Results of Operations

Total revenues for the third quarter ended September 30, 2000 increased 1.0% to
$21.6 million from $21.5 million in the comparable 1999 period. Total revenues
for the nine-month period ended September 30, 2000 decreased 15.4% to $60.2
million from $71.2 million for the same prior year period. The slight increase
in total revenues for the three-month period is a result of the increase of
revenue from the current year acquisitions of ancillary service companies. The
decrease in revenues for the nine-month period ended September 30, 2000 is
coincident with interest rate increases caused by actions taken by the Federal
Reserve Board beginning in mid-1999. These rate increases have resulted in a
significant decline in refinancing transactions, which have impacted the
Company's order count and premium volume.

Net Title Service Revenue. Net title service revenue decreased $935,000, or
7.7%, and $8.7 million or 21.3%, for the three-month and nine-month periods
ended September 30, 2000, respectively, as the result of a decrease in open
title orders and the decline in the refinance business. The average fee per file
increased to $1,094 in 2000 compared with $919 in the comparable 1999 period.
The fee per file increase is indicative of a change in the mix of title orders
closing in a refinance market to the higher fee per file resale business.
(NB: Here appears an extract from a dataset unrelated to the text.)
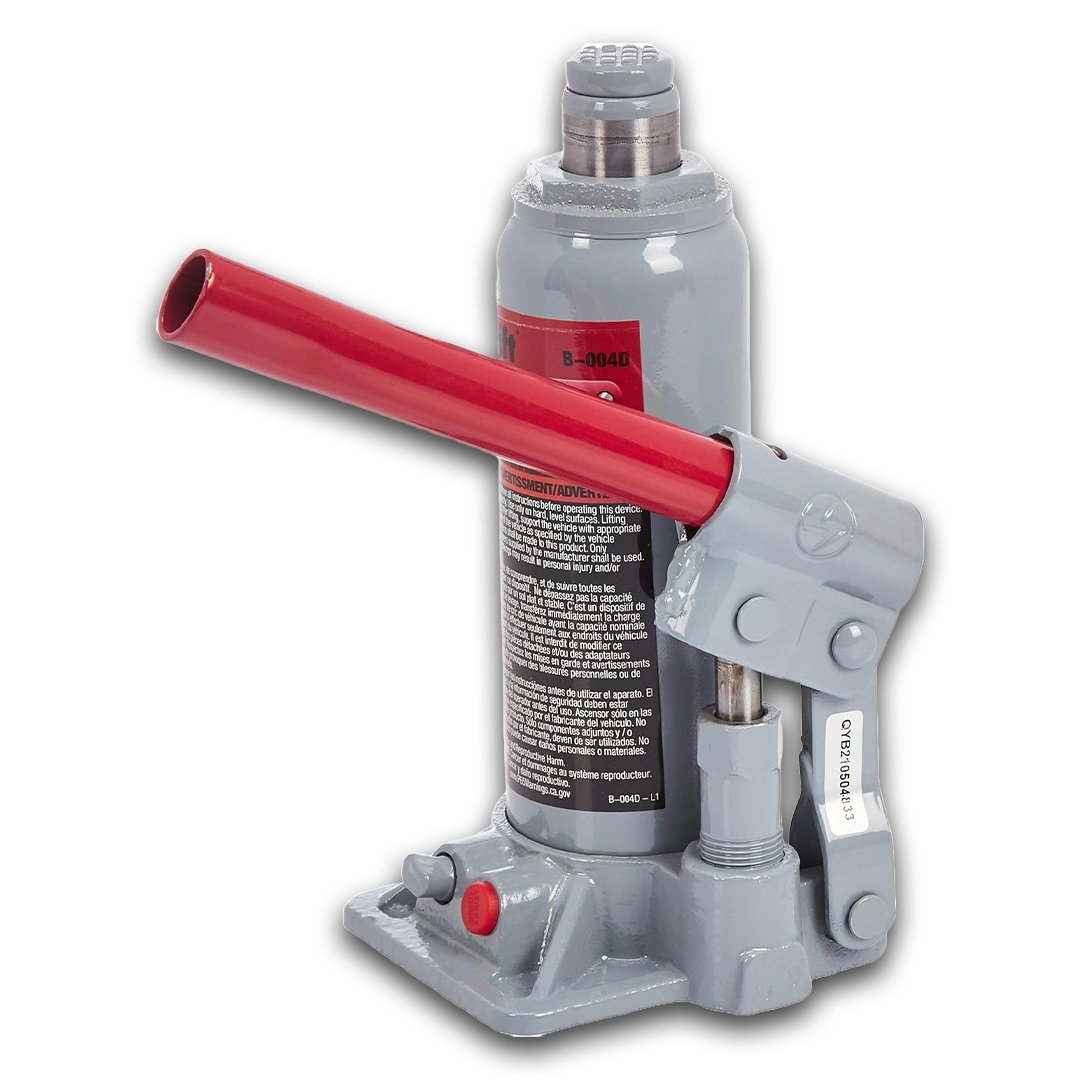 4 - Ton Hydraulic Bottle Jack: - Pro - Lift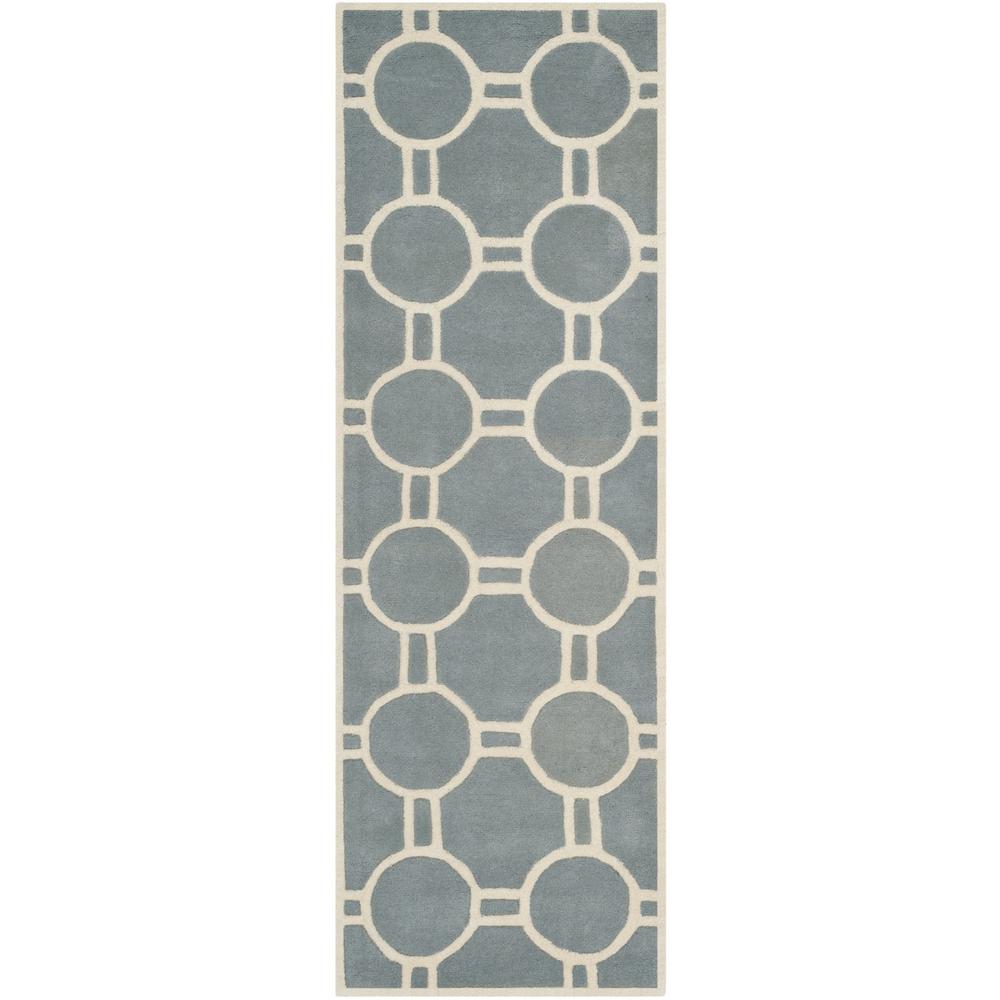 CHATHAM, BLUE / IVORY, 2'-3" X 7', Area Rug, CHT739B-27. Picture 1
Escrow Fees. Escrow fees for the third quarter of 2000 decreased $528,000, or
8.6% to $5.6 million from $6.1 million in the third quarter of 1999. For the
nine months ended September 30, 2000, escrow fees were $16.1 million, a decrease
of $3.9 million, or 19.2%, from escrow fees of $20.0 million in the first nine
months of 1999. Escrow fees are primarily related to title insurance activity
generated by the Company's direct operations. The decrease in escrow fees is
primarily the result of market conditions relating to the refinance activity,
the recent interest rate increases causing the decrease in closed title orders.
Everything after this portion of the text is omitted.